Bir Trabzonlu’nun gözünden 17 Mart olayları!..
Sevgili Uğur Ağabey
Kimsenin tayin ile gitmek istemeyeceği yerlere, Anadolu’nun en ücra köşelerine kadar gönüllü olarak gitmiş, senelerce ulaşılması çok zor bölgelerde dahi görev yapmış, şanlı Türk Ordusu’nun hekim ihtiyacını karşılamak amacıyla geçici görevle TSK bünyesinde gönüllü olarak hizmet etmiş bir doktorum. Kendimi, Atatürk’ün de kendisini tarif ettiği gibi ‘Doğrudan doğruya vatanperver bir Türk milliyetçisi’ olarak tanımlıyorum.
Trabzonluyum. Trabzonluların kahir ekseriyeti gibi de Trabzonsporlu’yum. Bölgeyi, bölgenin insanını iyi tanıyor olmamın yanı sıra, hekim olmanın da verdiği avantajla bölge insanının psikolojisini, mental durumunu, sosyo-kültürel durumunu iyi tahlil edebildiğimi düşünüyorum. Trabzon bildiğiniz üzere, coğrafi olarak zor bir bölgedir. Çok fazla tarım yapma imkanı yoktur. Dolayısı ile hayvancılık da çok ilerlemiş değildir. Sanayi olarak dişe değecek bir zenginliği yoktur.

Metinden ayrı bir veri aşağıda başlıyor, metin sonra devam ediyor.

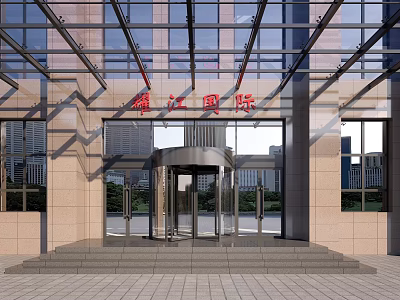 Revolving Door At Building Entrance With Glass Canopy And Stone Walls 3d model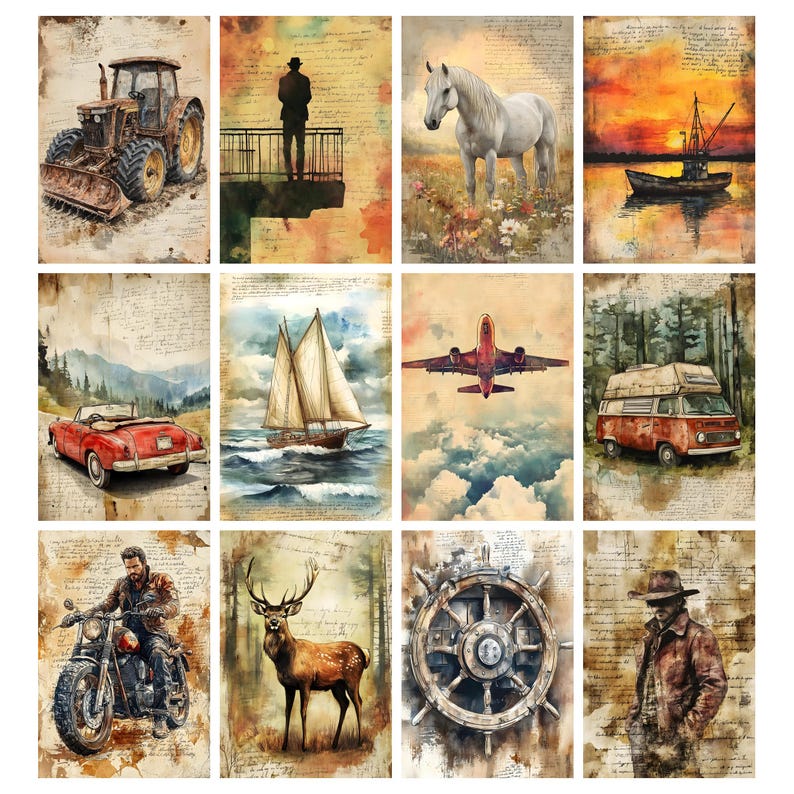 K&ouml;nnte beinhalten: Eine Sammlung von Kunstdrucken im Vintage-Stil mit verschiedenen Szenen. Die Drucke zeigen einen Traktor, eine Person auf einem Balkon, ein wei&szlig;es Pferd, ein Boot auf dem Wasser, ein rotes Cabrio, ein Segelboot, ein Flugzeug, einen Campingbus, ein Motorrad, ein Reh, ein Steuerrad und eine Person in einem Mantel.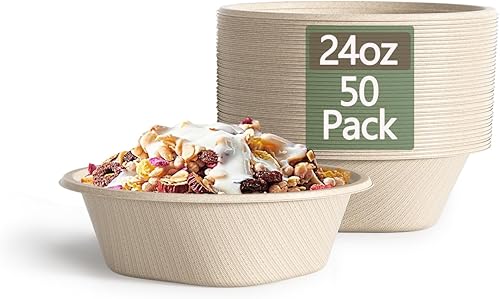 Homestockplus Paquete de 50 Cuencos de papel desechables de 24 onzas, cuencos desechables resistentes, hechos de bagazo natural para cereales,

Yöre insanı bu sebeplerden dolayı dışarı çok göç vermiştir yıllar içerisinde. Atadan zengin olmayanlar, mal varlığı bulunmayanlar, özellikle de okumak için göç etmişlerdir. Çünkü okumaktan başka çareleri yoktur. O yüzdendir ki Trabzon, nüfusuna oranla yüksek tahsilde önde gelen illerimizdendir. Malumunuz üzere çok değerli sanatçılar, siyaset adamları, doktorlar, mühendisler, öğretmenler yetiştirmiştir. Tüm bu sosyal durum içerisinde Trabzon ve Trabzonlu’nun ülkeye açılacağı en önemli iki ürünü mevcuttur. Birincisi yetiştirdiği insanlar, ikincisi ise Trabzonspor...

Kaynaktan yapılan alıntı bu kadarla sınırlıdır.